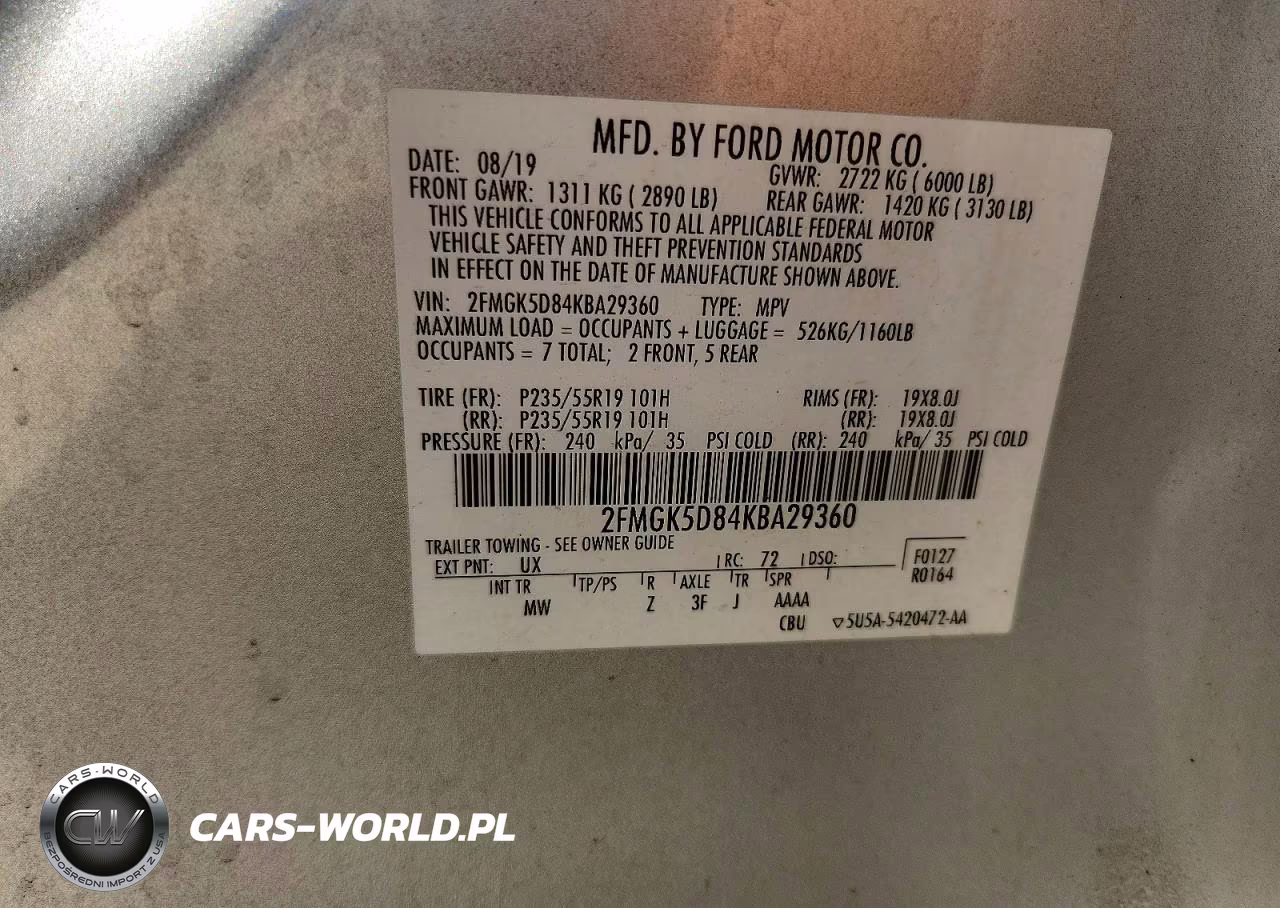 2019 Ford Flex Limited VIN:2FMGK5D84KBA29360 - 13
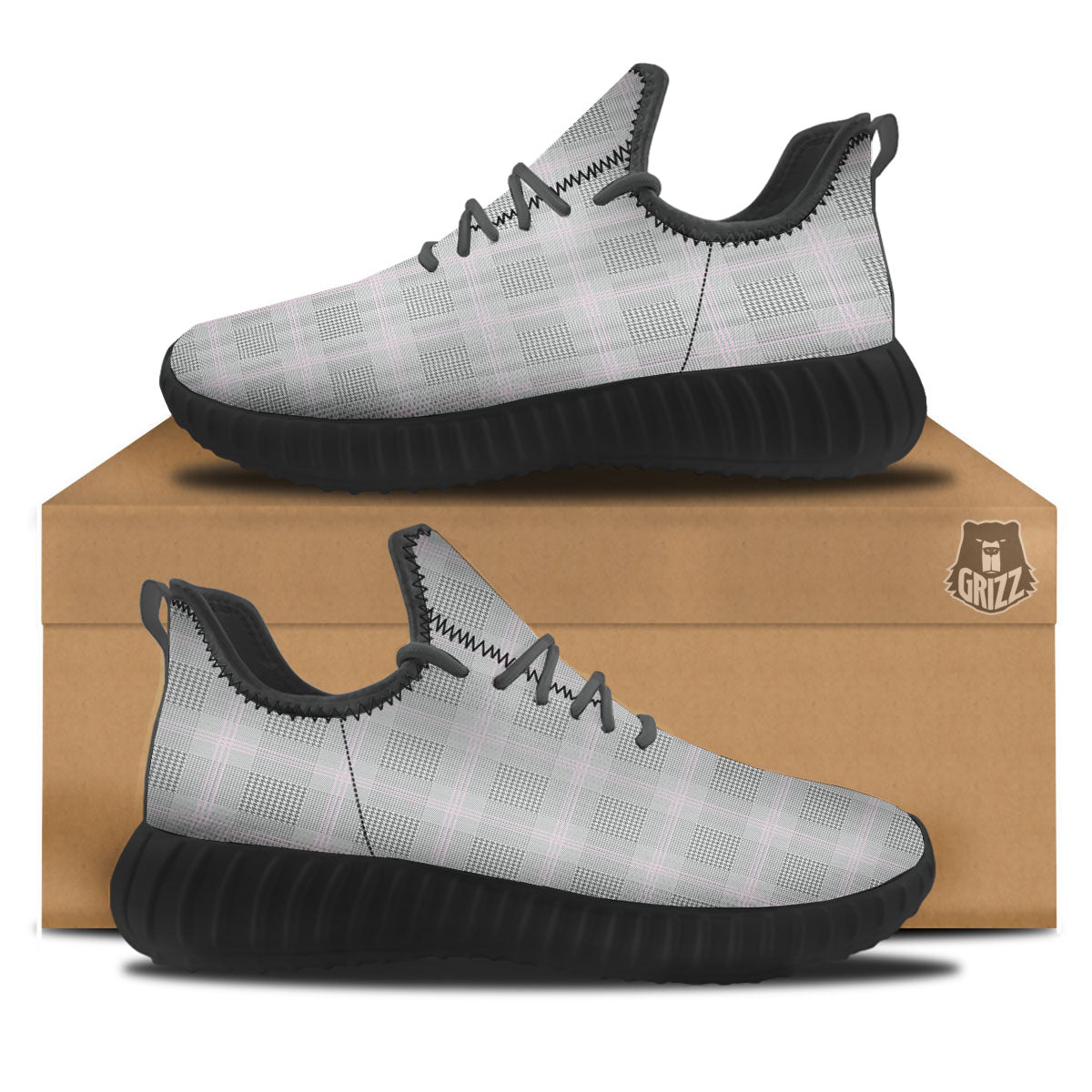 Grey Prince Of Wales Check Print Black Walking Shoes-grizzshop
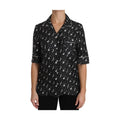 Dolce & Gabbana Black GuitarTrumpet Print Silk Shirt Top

════════════════

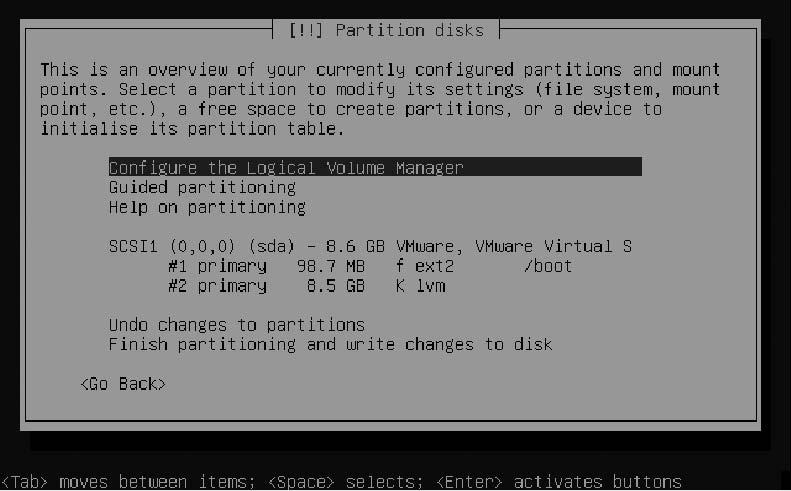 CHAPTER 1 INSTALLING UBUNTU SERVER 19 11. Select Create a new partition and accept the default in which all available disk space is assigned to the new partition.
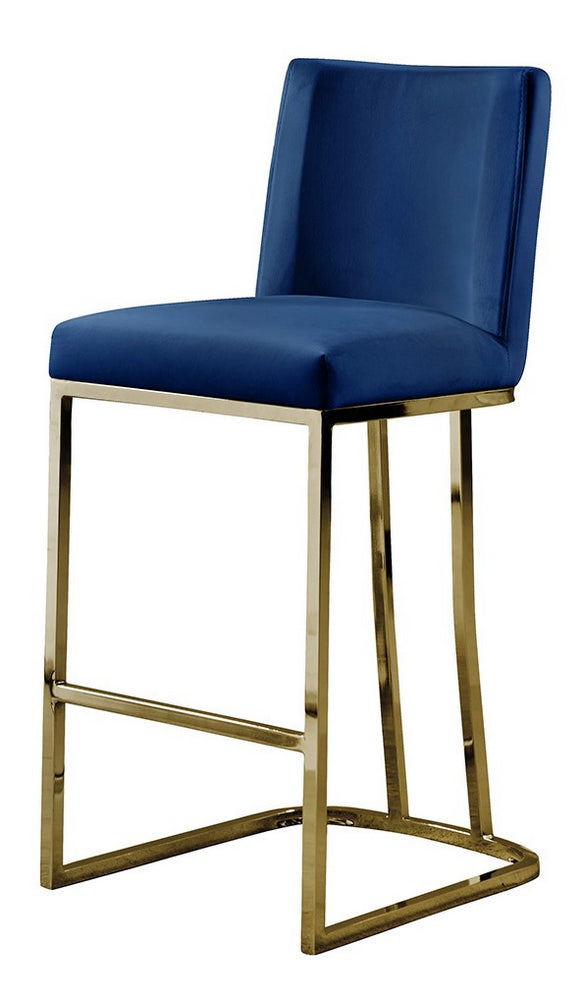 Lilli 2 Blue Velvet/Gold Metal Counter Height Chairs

════════════════

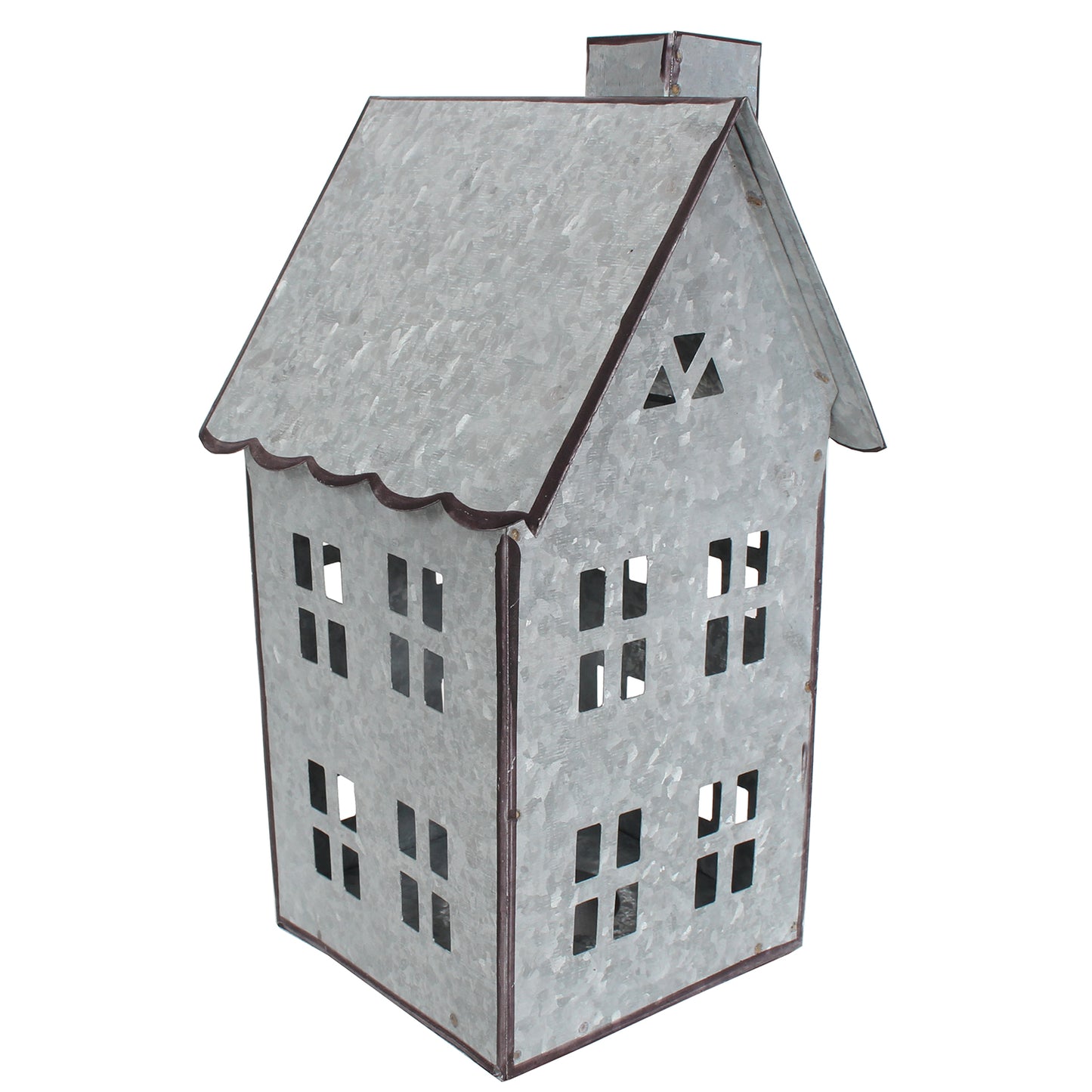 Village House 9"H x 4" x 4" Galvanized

════════════════

EXERCISE AIM ▸ From the material above, give again exactly the lines from the one that contains "CHAPTER 1 INSTALLING" through the one that contains "Lilli 2 Blue", and leave out the pictures.

SOLUTION TO THE PROBLEM ▸
 CHAPTER 1 INSTALLING UBUNTU SERVER 19 11. Select Create a new partition and accept the default in which all available disk space is assigned to the new partition.
 Lilli 2 Blue Velvet/Gold Metal Counter Height Chairs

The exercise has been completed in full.